WORK INSTRUCTION
From the entries below, return only the lines starting at the one that contains "37/8 &quot;G40 Slider" and ending at the one that contains "rikohara_ TikTok Live", exactly as they stand.

INFORMATION SUPPLIED
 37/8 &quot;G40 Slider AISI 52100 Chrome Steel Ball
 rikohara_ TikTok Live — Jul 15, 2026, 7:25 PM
==
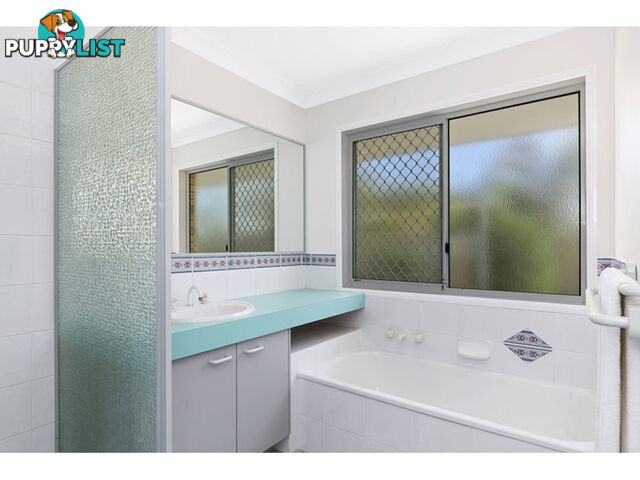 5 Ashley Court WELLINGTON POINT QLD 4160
--
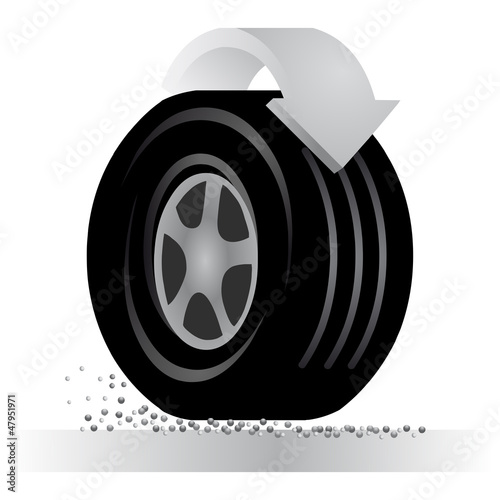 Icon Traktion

EXERCISE RESULT
 37/8 &quot;G40 Slider AISI 52100 Chrome Steel Ball
 rikohara_ TikTok Live — Jul 15, 2026, 7:25 PM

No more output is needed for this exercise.